Summary Jurisdiction Act (Northern Ireland) 1953
- Parliament of Northern Ireland
- Long title: An Act to provide for the making of summary jurisdiction rules; to extend the jurisdiction and powers of, and to amend the law relating to, courts of summary jurisdiction and justices out of petty sessions; and otherwise to make provision with respect to summary procedure and offences.
- Citation: 1953 c. 3 (N.I.)
- Territorial extent: Northern Ireland

Dates
- Royal assent: 17 February 1953

Text of the Summary Jurisdiction Act (Northern Ireland) 1953 as in force today (including any amendments) within the United Kingdom, from legislation.gov.uk.

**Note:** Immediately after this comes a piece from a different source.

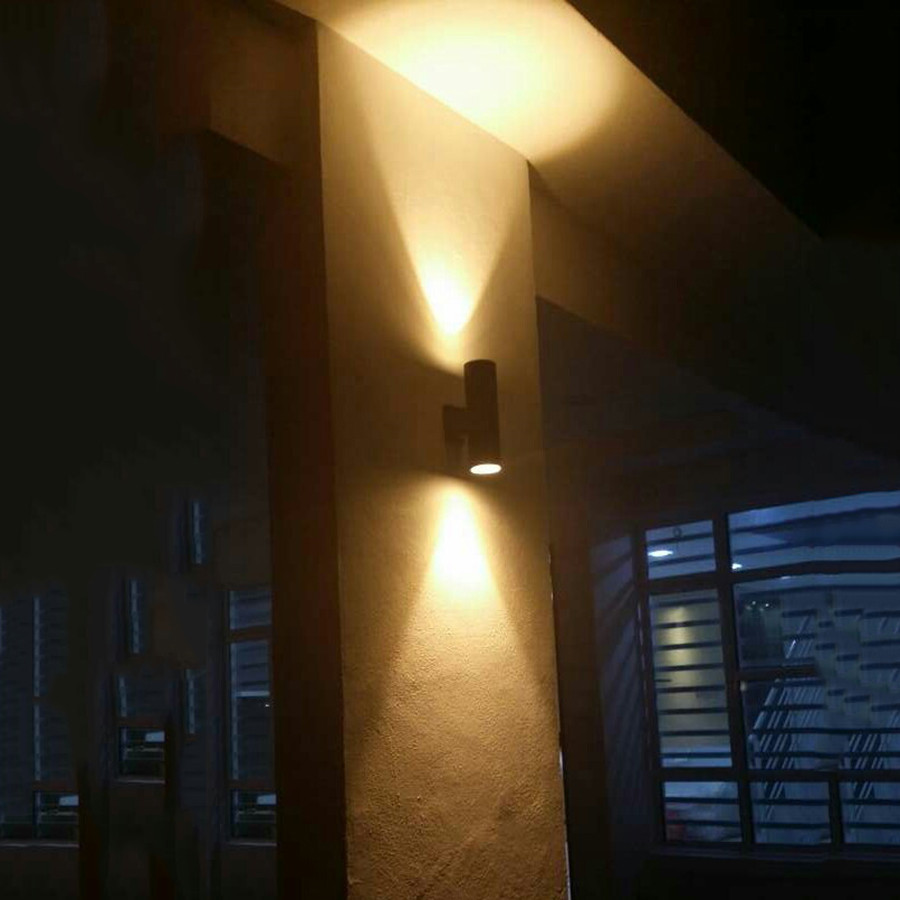 LED Porch Wall Light Up Down W - Outdoor Lighting Up And Down recension och pris
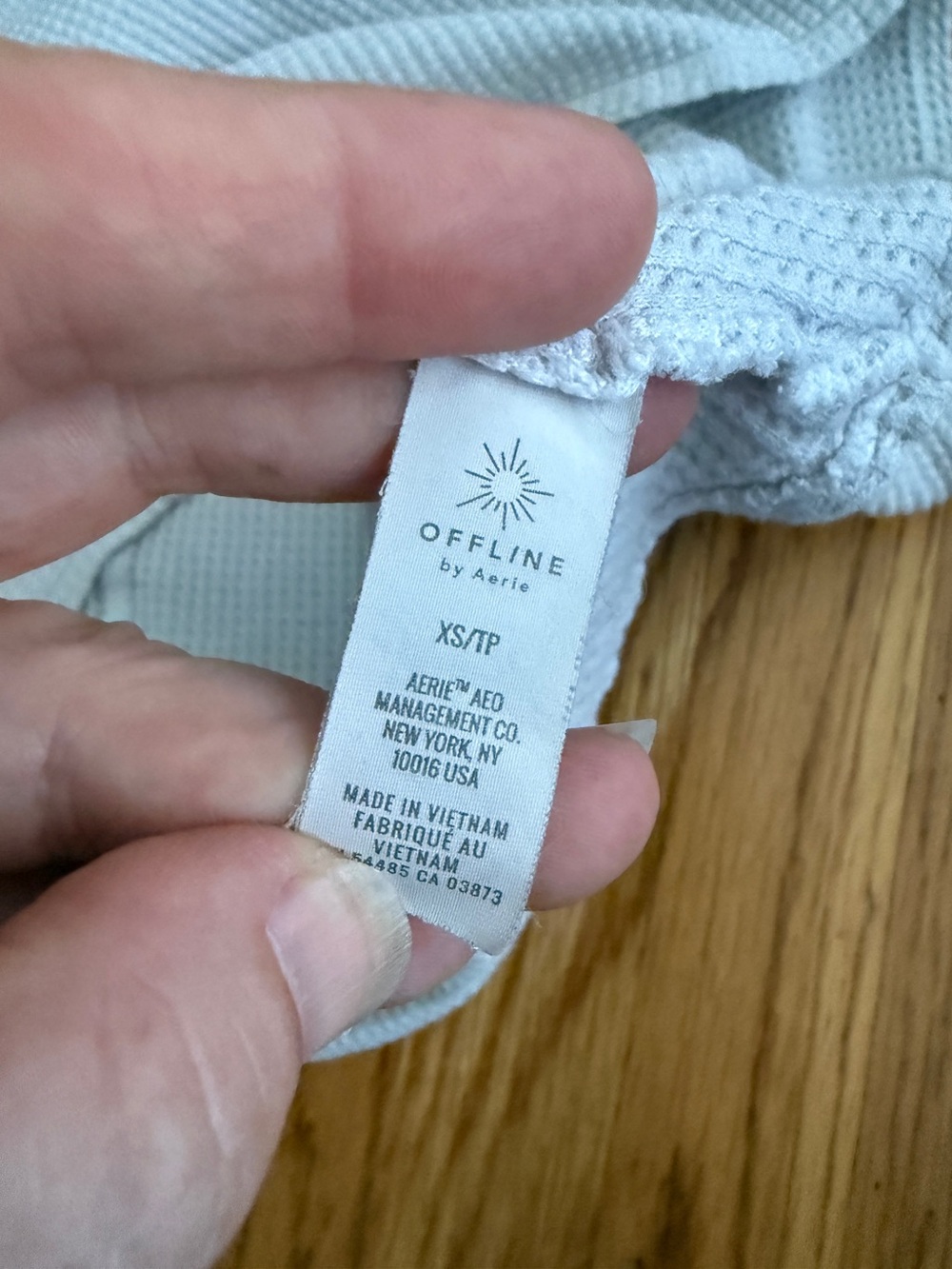 Offline by Aerie waffle crop sleeveless tank top XS - Picture 9 of 9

= Summary Jurisdiction Act (Northern Ireland) 1953 =

The Summary Jurisdiction Act (Northern Ireland) 1953 (c. 3 (N.I.)) is an act of the Parliament of Northern Ireland that restricted the freedom of the press in relation to court proceedings in Northern Ireland.

== Provisions ==
It prohibited the press from publishing any opening statements, and gave the magistrate discretion to forbid the publishing of any evidence.

The act prohibited the publication of an opening statement made on behalf of the prosecution in the preliminary investigation of an indictable offence.